I soon received an answer, where I was told that their distributor has a quality mark from PostNL. This quality mark guarantees that the shipment is CO₂ neutral. They call this green mail. In short, PostNL wants to have zero CO₂ emissions in the long term. Since they are not that far yet, they compensate the CO₂ they have not yet been able to reduce so that they still arrive at a CO₂ neutral shipment ‘on paper’.
Nuud compensates for each shipment by investing in high-quality, sustainable projects. These projects included wind farms in Turkey, China and Taiwan.
Plastic packaging is unthinkable for people who want to live without waste. Glass, on the other hand, can do no wrong. I catch myself having no problem buying something in/with glass and always try to avoid plastic. I wanted to know if its true. Is glass that much better than plastic for the environment?
First, I looked at the negative points of glass. To make new glass, sand is needed. This sand comes from rivers and sea banks. This extraction causes the disturbance of ecosystems. When glass is made, it has to be transported. The biggest disadvantages compared to plastic are that glass is heavier and therefore transport causes more emissions. In addition, glass breaks more easily during transport.
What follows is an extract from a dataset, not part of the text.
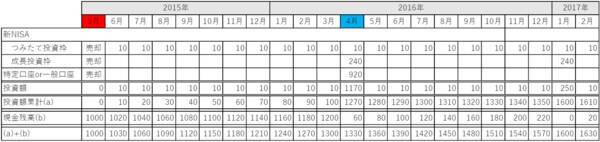 新NISAを活用、景気循環を味方に付けた運用【応用編】
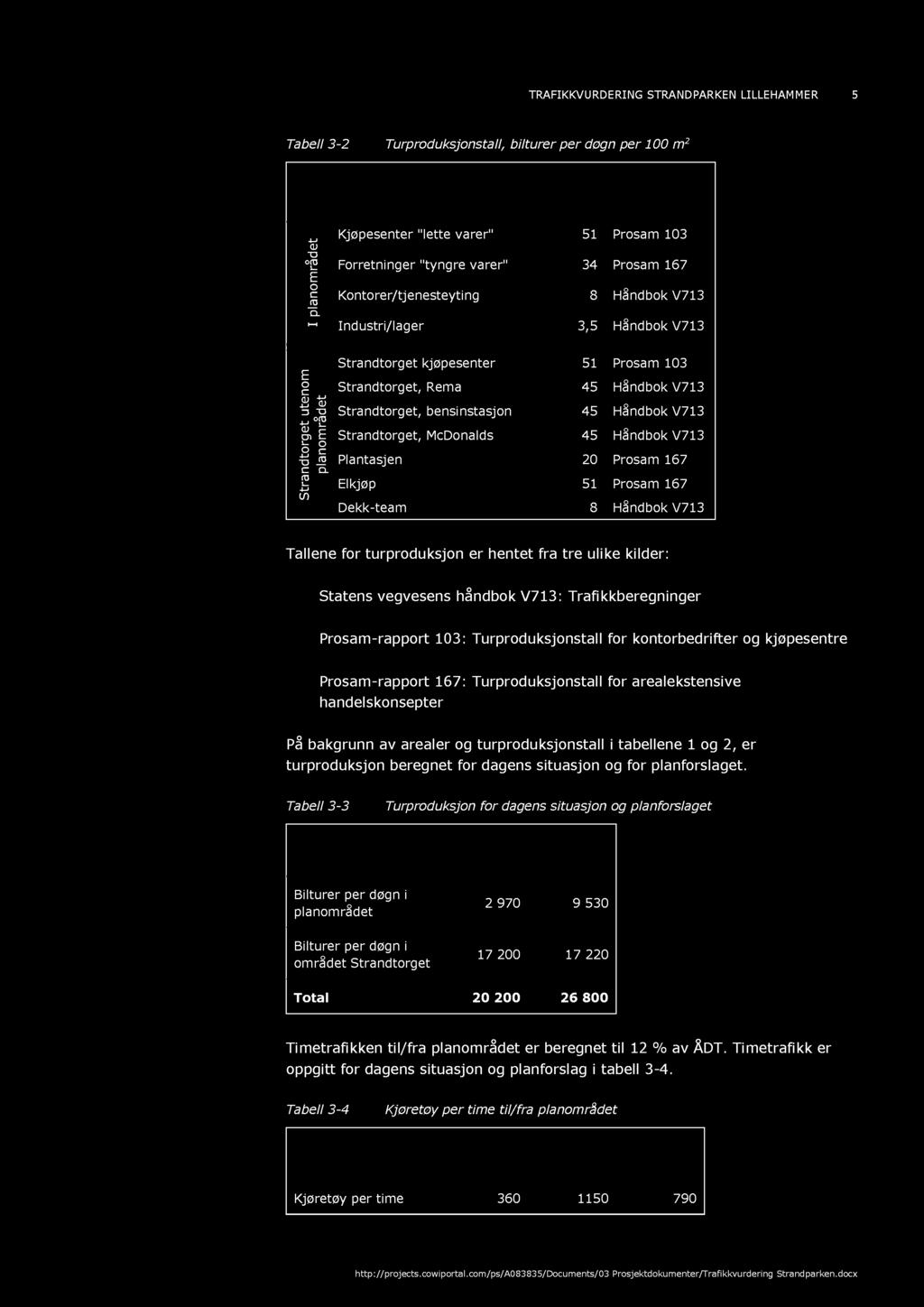 TRAFIKKVURDERING STR ANDPARKEN LILLEHAM ME R 5 Tabell 3-2 Turproduksjon stall, bilturer per døgn per 100 m 2 Formål Bilturer per døgn Kilde t Kjøpesenter "lette varer" 51 Prosam 103 e d r å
The biggest advantage of glass is that the recycling is a closed loop recycling. This means that no additional waste or by-products are created, in contrast to plastic. Of the negative points mentioned above, the first (mining sand) is largely eliminated. However, this is only true if all glass is recycled instead of being dumped. In America, less than half of the glass is recycled as this is more expensive than making new glass. In Belgium (and many other European countries) however, almost 100% of correctly discarded glass is recycled and reused (yay Belgium).
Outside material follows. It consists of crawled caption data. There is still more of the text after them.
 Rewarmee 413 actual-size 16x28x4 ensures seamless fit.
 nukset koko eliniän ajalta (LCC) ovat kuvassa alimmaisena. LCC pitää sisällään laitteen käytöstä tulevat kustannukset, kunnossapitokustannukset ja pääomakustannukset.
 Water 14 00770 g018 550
So to answer the question: is glass that much better than plastic? We need to look at a lot of factors rather than just the recycling process.
The question that many people are concerned with is: How sustainable is bamboo?
First, I would like to tell you a little bit more about the way bamboo grows. There are many species of bamboo. About 1500. 50 of them can be used as building material. Bamboo is actually a type of grass. That is why it grows so fast. Within 3 to 6 months, bamboo reaches its maximum height, which depends on the species. The largest bamboo species can reach a height of 40 metres and a diameter of 30 centimetres. After this, it takes several years for the bamboo to become fully mature. For many items, such as toothbrushes, this is not necessary and it can be harvested after a few months. For furniture, it takes another 4-5 years for this hardening.
but how sustainable is bamboo?
Bamboo has the characteristics of hardwood (which are the slow growing trees), but grows faster than softwood (which are the fast growing trees). Just like other plants, bamboo reduces the greenhouse effect by absorbing CO2. In fact, bamboo absorbs more oxygen from the air than an equivalent hardwood. Bamboo reduces up to 5 times more CO2 and produces 35% more oxygen. This makes it a very important plant in the fight against global warming.
Cutting down the older bamboo stems gives the younger bamboo more room to grow. This makes bamboo an inexhaustible resource.
Bamboo is not only a sustainable alternative, it is also a sturdy one! It is even claimed that bamboo is seven times stronger than steel. It is said to have greater tensile strength and is therefore one of the strongest materials on earth! Besides being strong, bamboo is also elastic. It is pliable, but does not deform after bending. It is also used as a natural shock absorber.
Bamboo has many good qualities in addition to its constructional qualities. It is a natural anti-bacterial material and it eliminates odours. Bamboo contains no toxic substances and therefore does not cause allergies.
Bamboo sells itself and I don’t have to tell you that I am convinced!